Guardrails and responsible innovation

There is no shortage of ideas. Teams are working passionately on Proof of Concepts to bring those ideas from the drawing board to practice. The turbo is on, in line with our strategy to lead the market. At the same time, a lot is at stake in doing this safely and reliably, as we, as a bank, do not want to betray our customers' trust. Customers do not care how we organise things behind the scenes, but they do expect us to handle it in a trustworthy manner and to build the right guardrails regarding the use of AI and AI agents.

 

We also build in the necessary caution, which naturally creates tension. What we need is often not yet developed, so experimentation is essential. For AI agents, this is particularly relevant regarding both short-term and long-term memory. How do we organise that effectively? In practice, we spend considerable time considering what could go wrong – sometimes even more than on what it could yield.

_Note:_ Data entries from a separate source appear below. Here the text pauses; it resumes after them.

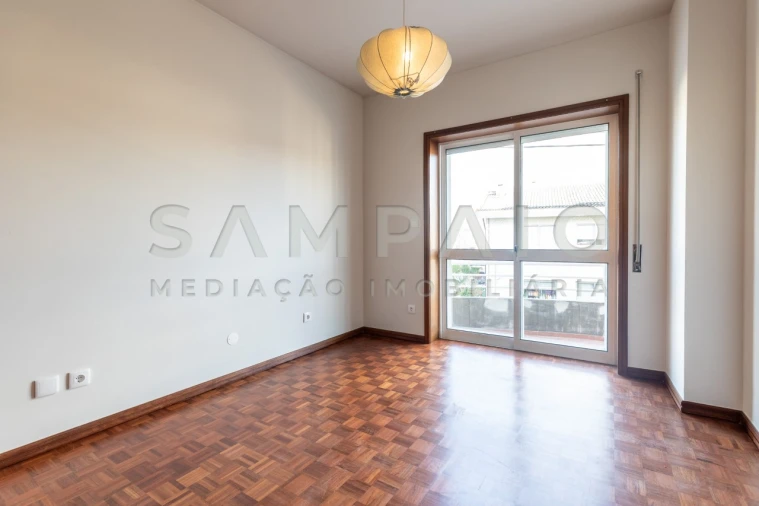 Apartamento T3 para Venda em Rio Tinto Foto 16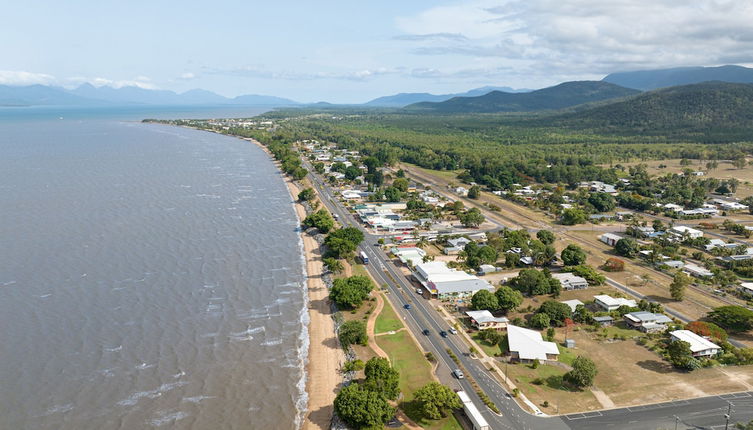 Photo 1 - Cardwell Seascape Apartments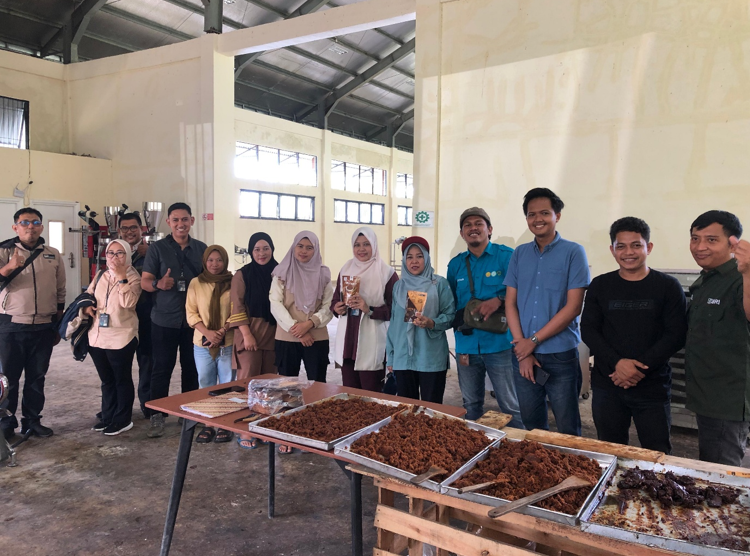 Tim BRI dan Program YESS Perkuat Pengembangan Usaha Gula Aren dan Klaster Sapi Jagung Petani Milenial Maros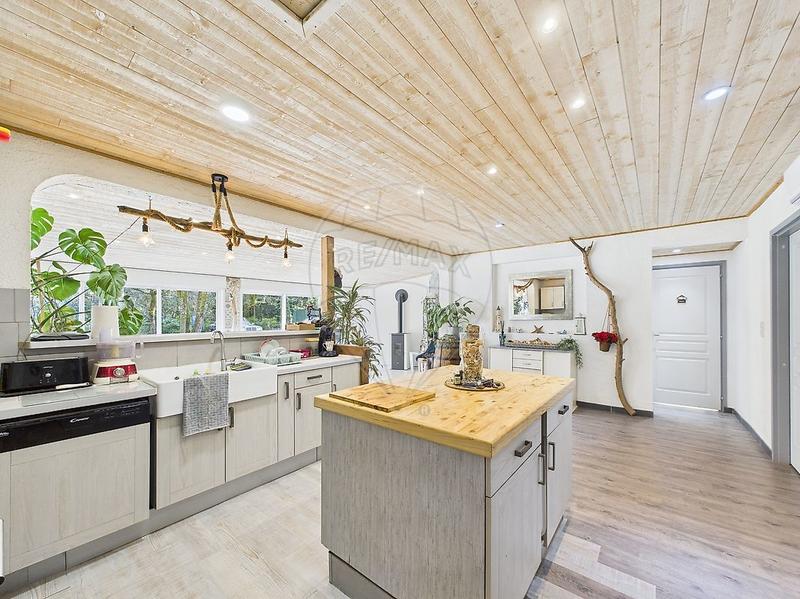 Maison - 140 m² - 5 pièces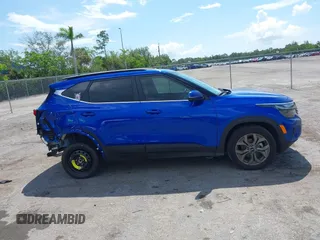 2024 Kia Seltos S z VIN KNDEU2AA1R7615223, wystawiony jako IAAI lot #42351224 z przebiegiem 27 375 mil mil oraz . Historia ofert i sprzedaży dostępna na DreamBid. Obrazek 14.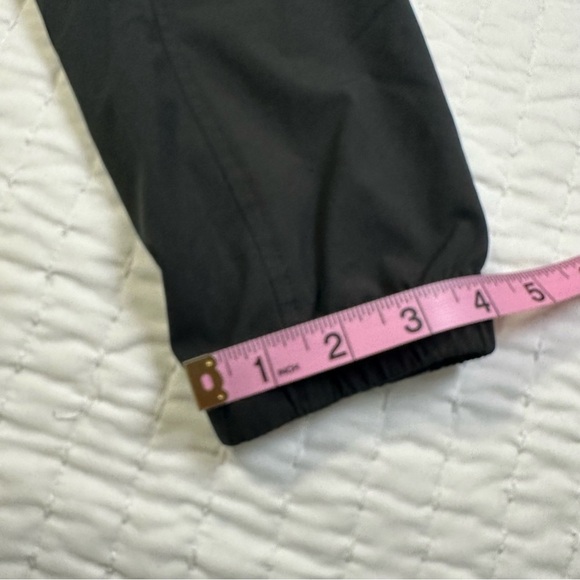 Hollister Zip-Up Windbreaker Black and White Jacket With Pockets - Picture 10 of 15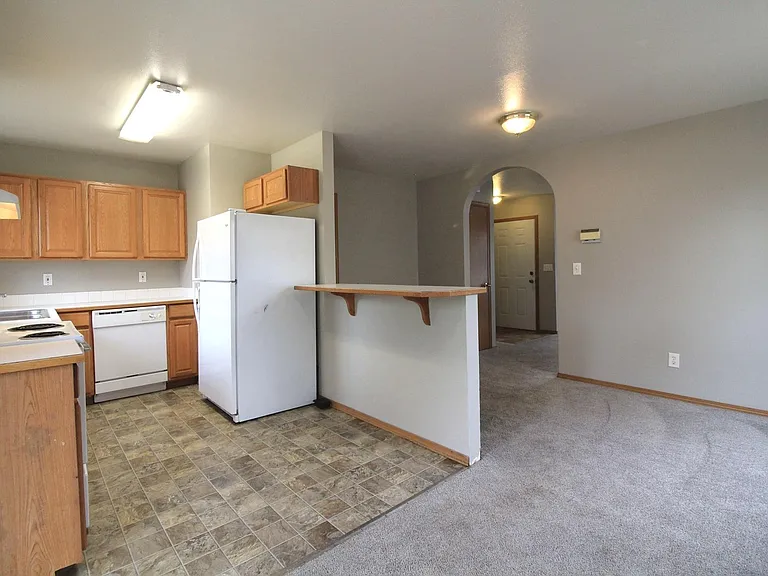 825 S Elm St — Photo 3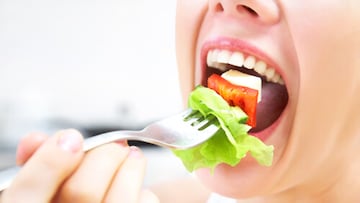 Hans Fischer, experto en neurociencia: “Las personas que detestan escuchar a otras masticar o respirar lo hacen por una razón extraña”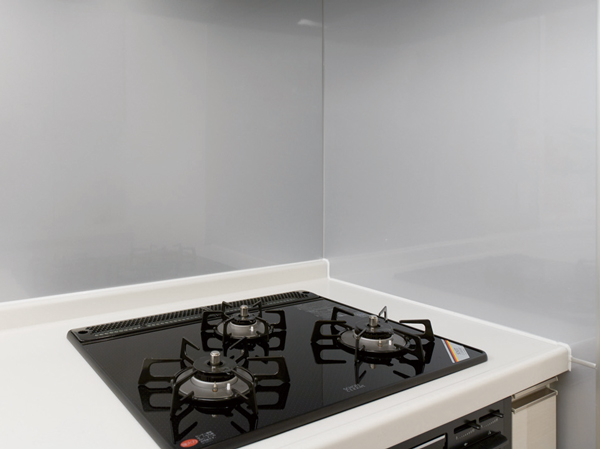 Kitchen.  [Schott glass top plate] Germany ・ Adopt a shot manufactured by heat-resistant ceramic glass top plate. Not only beautiful, Strongly to heat and shock, Difficult dirty luck, It is easy to clean. further, Before stove easily marked with water wings and oil stains, It has adopted a melamine non-combustible decorative board. Less joint, Also making it easier to wipe off dirt. (Same specifications)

The turbo is on business transformation.

Scaling up and organisation-wide impact

Once something has proven itself, we scale it rapidly, moving towards unified ways of working and technology. The challenge of such a transformation is that you have to play chess on many boards simultaneously. It is evident that it is not just about building technology; it also impacts the entire organisation. It requires a lot from our teams, from recruitment, and from extensive training programs to develop future skills. Furthermore, entirely new insights are required regarding governance of AI agents – a completely new field of work. For example, how do you ensure the right safeguards when deploying an agent farm?

Empowerment and democratizing technology

What I personally find one of the most intellectually interesting aspects is how technology democratizes. In the past, business teams had to submit requests to IT to develop something, and developers would then get to work. Now, there is much empowerment for professionals: everyone can experiment with technology and create applications that provide immediate value. For example, through prompt engineering. This is fantastic because it creates innovative capacity in the areas where people know what is needed. At the same time, it is important not to allow total freedom, as quality and reliability must be safeguarded. Balancing speed and caution must therefore be actively guided by the board.
 

This article is from the Eye on Finance magazine. Download the PDF (Dutch) here for more insights on Agentic AI and the financial sector, or explore the other articles below.



Summary

ING’s Pinar Abay highlights how agentic AI accelerates retail banking, especially in mortgages, customer interactions, and data processing. ING aims to lead the market by scaling proven AI solutions quickly while keeping strict safety guardrails to maintain customer trust. The technology transforms operations, empowers teams to experiment, and requires new governance models. Balancing innovation speed with reliability is central to ING’s growth strategy.